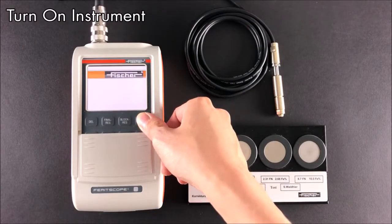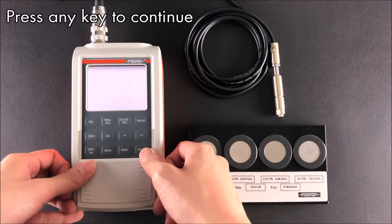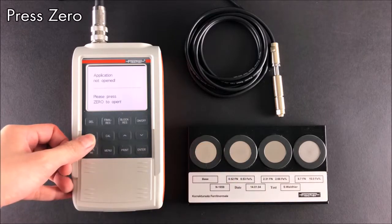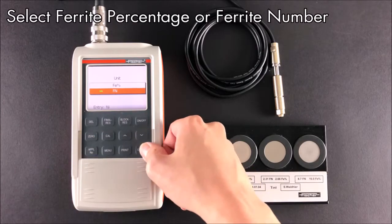Next, turn on the instrument. The instrument will prompt you to display ferrite content as ferrite percentage or ferrite number. In this case, I chose ferrite number.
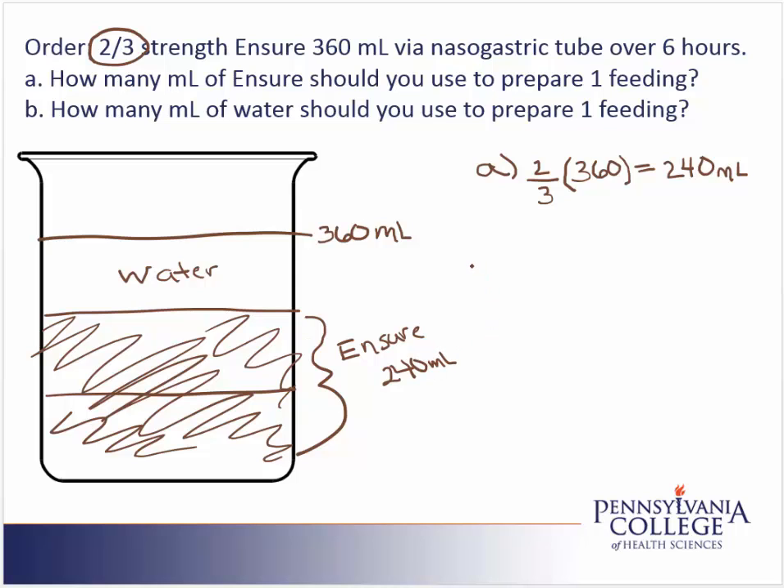Then Part B asks me to figure out the water. As you can tell from the drawing, the remainder is water. So my total amount is 360, subtract out the nutritional supplement Ensure, and the remainder is water, which is 120 milliliters.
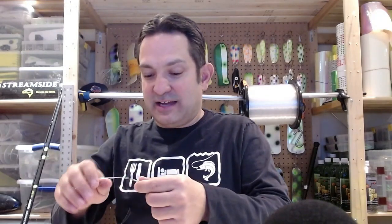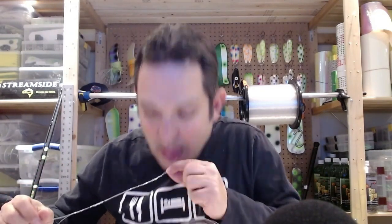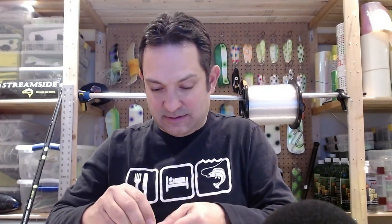I like the double uni and, in general, I like to use knots that are quick and easy to tie because if I'm doing this on the boat with customers I don't want to be messing around — customers are talking to me and I need something very quick, easy, and effective. I've got my double unis cinched up nice and tight, and now I'm cutting the tag ends off.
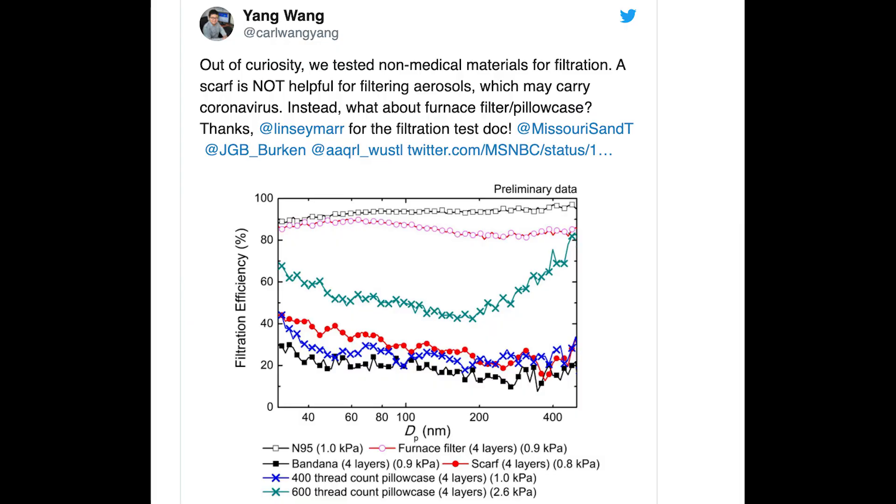For the pillowcase test, we tested four layers, but the highest efficiency is just around 60%. So if you want to make your DIY mask out of a fabric, you have to fold so many layers. But you also need to make sure that you can still breathe.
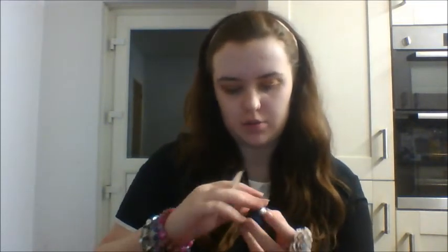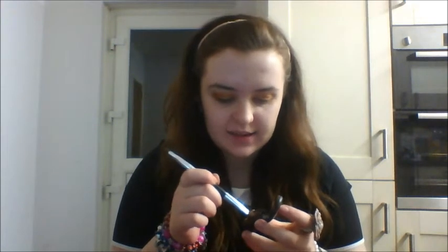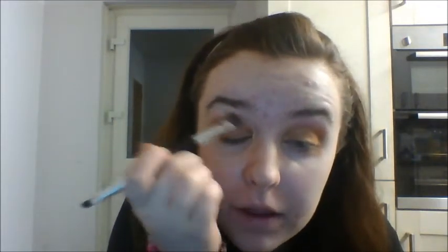Next on the agenda, we're going to do our crease. I'm going to be taking MAC Mulch, which is a sort of golden coppery brown - basically a brown with golden shimmer in it. You're just going to take that on the tip of your brush, tap it off, and place that in your crease. Repeat on the other eye, and once again we're going to blend with our clean brush.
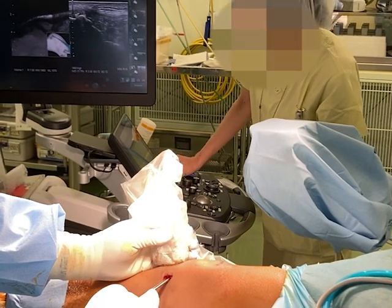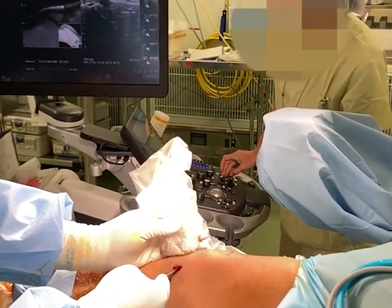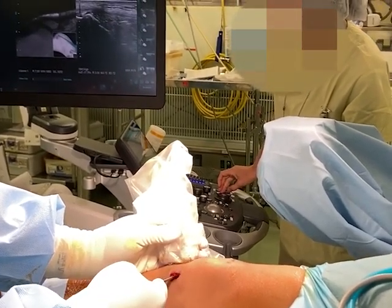The patient is positioned supine on a standard operating table. The knee joint angle is set at 20 degrees, the same as during MRI scanning.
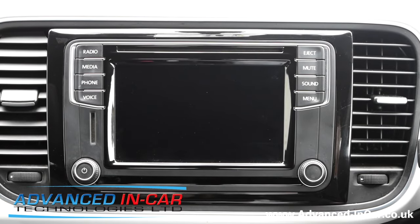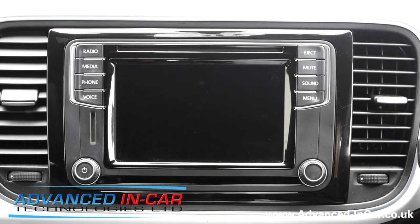Good afternoon, this is James from Advanced In-Car Technologies. Today we are just showing you a simple reboot or a reset on this radio. This is a non-navigation model known as the Composition Media and Discover Media.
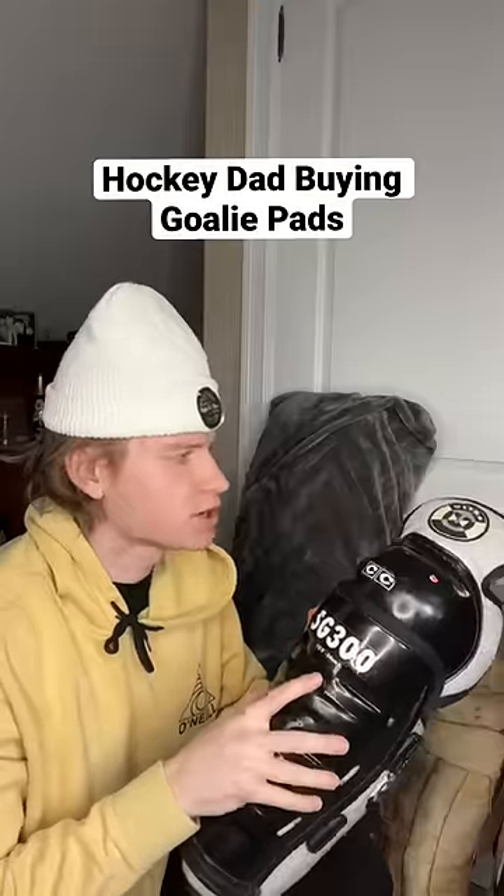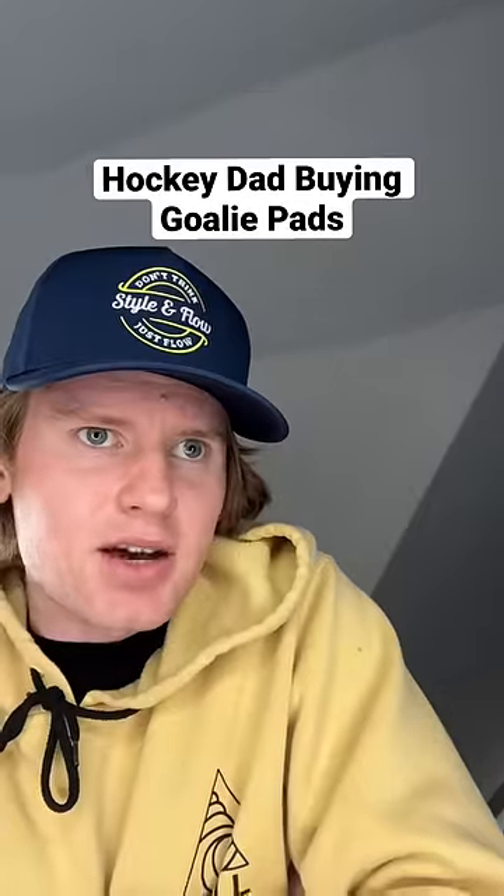These ones aren't for goalies? Those are players' pads. So that's a real nice price on those. Those shouldn't be there — they got mixed up. Apologize for that.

Exercise: The expected output is the full data above, reproduced exactly with no images.

Result below:
Next, turn on the instrument. The instrument will prompt you to display ferrite content as ferrite percentage or ferrite number. In this case, I chose ferrite number.
Then Part B asks me to figure out the water. As you can tell from the drawing, the remainder is water. So my total amount is 360, subtract out the nutritional supplement Ensure, and the remainder is water, which is 120 milliliters.
I like the double uni and, in general, I like to use knots that are quick and easy to tie because if I'm doing this on the boat with customers I don't want to be messing around — customers are talking to me and I need something very quick, easy, and effective. I've got my double unis cinched up nice and tight, and now I'm cutting the tag ends off.
For the pillowcase test, we tested four layers, but the highest efficiency is just around 60%. So if you want to make your DIY mask out of a fabric, you have to fold so many layers. But you also need to make sure that you can still breathe.
Next on the agenda, we're going to do our crease. I'm going to be taking MAC Mulch, which is a sort of golden coppery brown - basically a brown with golden shimmer in it. You're just going to take that on the tip of your brush, tap it off, and place that in your crease. Repeat on the other eye, and once again we're going to blend with our clean brush.
The patient is positioned supine on a standard operating table. The knee joint angle is set at 20 degrees, the same as during MRI scanning.
Good afternoon, this is James from Advanced In-Car Technologies. Today we are just showing you a simple reboot or a reset on this radio. This is a non-navigation model known as the Composition Media and Discover Media.
These ones aren't for goalies? Those are players' pads. So that's a real nice price on those. Those shouldn't be there — they got mixed up. Apologize for that.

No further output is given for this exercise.